_Exercise_
Copy out the data in full and exactly, passing over the pictures.

_Recorded data_
******************************

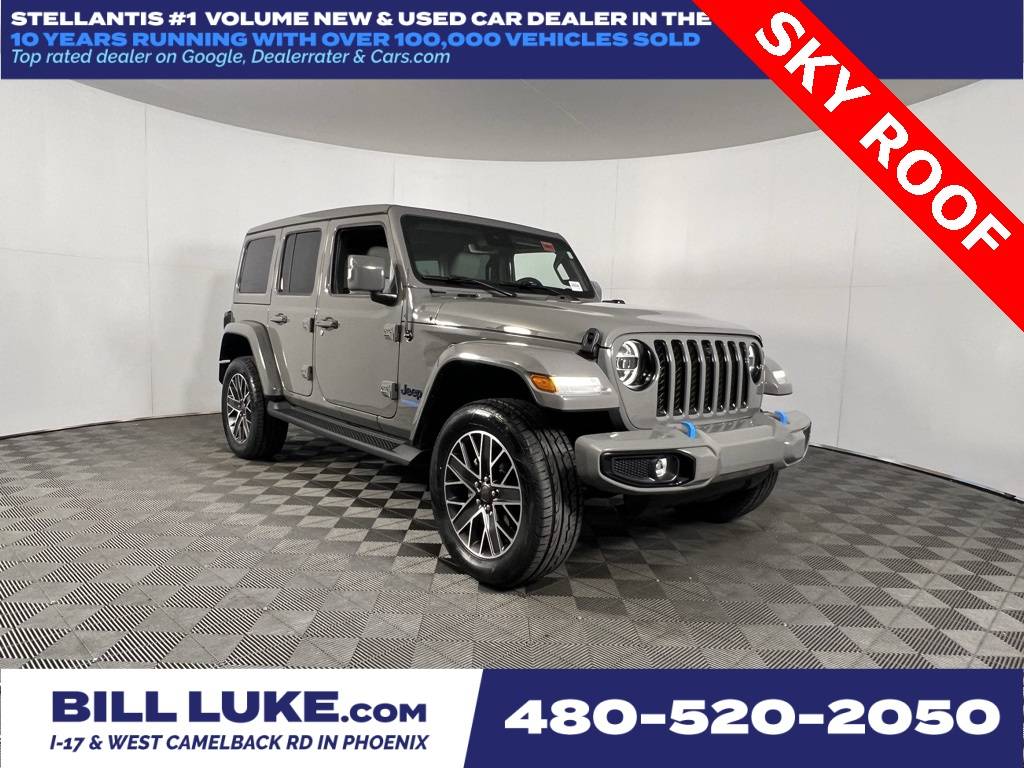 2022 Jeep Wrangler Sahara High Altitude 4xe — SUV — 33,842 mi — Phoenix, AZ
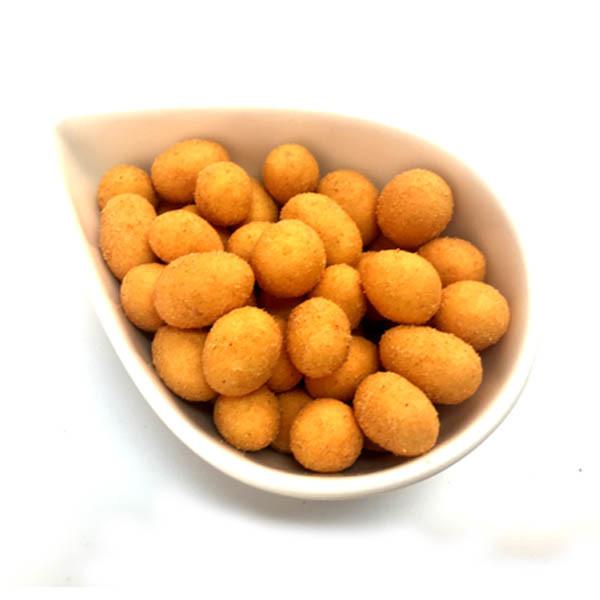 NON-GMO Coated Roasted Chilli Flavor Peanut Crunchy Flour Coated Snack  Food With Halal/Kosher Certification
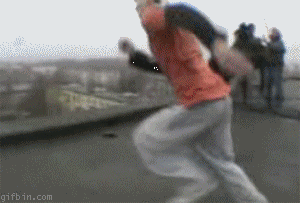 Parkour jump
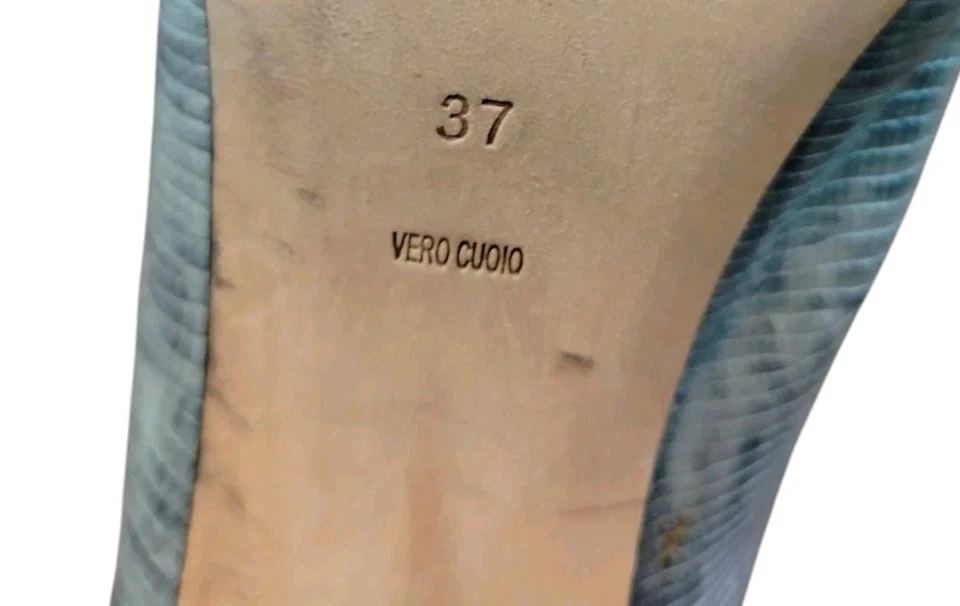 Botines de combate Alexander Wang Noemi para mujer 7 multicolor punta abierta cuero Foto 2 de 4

******************************

_Finished task_
 2022 Jeep Wrangler Sahara High Altitude 4xe — SUV — 33,842 mi — Phoenix, AZ
 NON-GMO Coated Roasted Chilli Flavor Peanut Crunchy Flour Coated Snack  Food With Halal/Kosher Certification
 Parkour jump
 Botines de combate Alexander Wang Noemi para mujer 7 multicolor punta abierta cuero Foto 2 de 4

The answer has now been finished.